Manche Maßnahmen sind in ihrer ideologischen Grundlage weniger subtil, was sie jedoch nicht daran gehindert hat, bis heute Gesetz zu bleiben. Nehmen wir zum Beispiel den Straftatbestand der unterlassenen Hilfeleistung, der am 25. Oktober 1941 eingeführt wurde. Philippe Pétains Diktatur nutzte ihn, um Bürger zu zwingen, ihnen bekannte „terroristische“ Anschläge zu melden. Was heute als edle Tat erscheinen mag, wer hätte ahnen können, dass damit einst die Denunziation der Résistance belohnt wurde?

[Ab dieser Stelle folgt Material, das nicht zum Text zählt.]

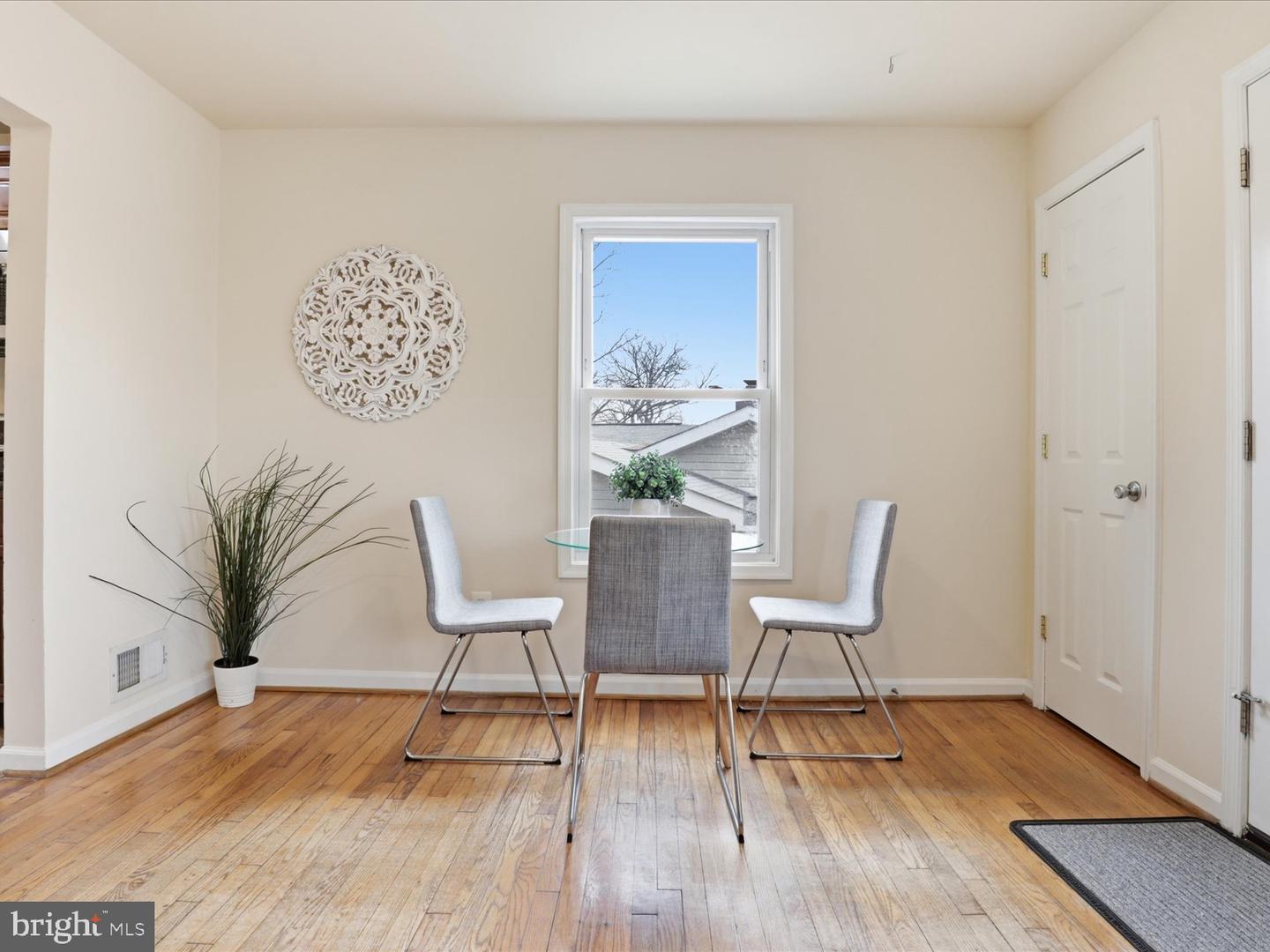 3955 TANEY AVE, ALEXANDRIA, Virginia 22304, 3 Bedrooms Bedrooms, ,2 BathroomsBathrooms,Residential,For sale,3955 TANEY AVE,VAAX2053830 MLS # VAAX2053830 3955 TANEY AVE, ALEXANDRIA, Virginia 22304, 3 Bedrooms Bedrooms, ,2 BathroomsBathrooms,Residential,For sale,3955 TANEY AVE,VAAX2053830 MLS # VAAX2053830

Tatsächlich war die nationale Sicherheit eines der Leitprinzipien der Vichy-Bürokraten. Die Gründung der Nationalpolizei (23. April 1941) ermöglichte es dem Kollaborationsregime, zu einem koordinierten Repressionsinstrument zu werden, das am 16. und 17. Juli 1942 die Razzia im Vélodrome d’Hiver durchführte. Gleichzeitig unterschied der obligatorische Besitz eines Personalausweises (Gesetz vom 27. Oktober 1940) Juden von anderen Bürgern und erleichterte ihre administrative Verfolgung. Diese mit einer individuellen nationalen Nummer versehene Nummer wurde zur heutigen Sozialversicherungsnummer. In dieser Zeit wurde auch die berüchtigte „S-Akte“ (für „Staatssicherheit“) angelegt, in der die von den Behörden verfolgten Personen verzeichnet waren.
So stand das Nachkriegsfrankreich in mancher Hinsicht noch immer unter dem Einfluss des Vichy-Regimes und damit Berlins. Unter Marschall Pétain wurden die französischen Uhren mit denen des Dritten Reiches synchronisiert, obwohl Frankreich und Deutschland nicht auf demselben Längengrad liegen. Der ultimative Beweis für dieses Erbe, das heute alltägliche Realität ist, besteht darin, dass die französischen Zeiger bis heute auf den Uhren verblieben sind, während sie einst auf den Greenwich-Meridian, die Londoner Zeit, ausgerichtet waren.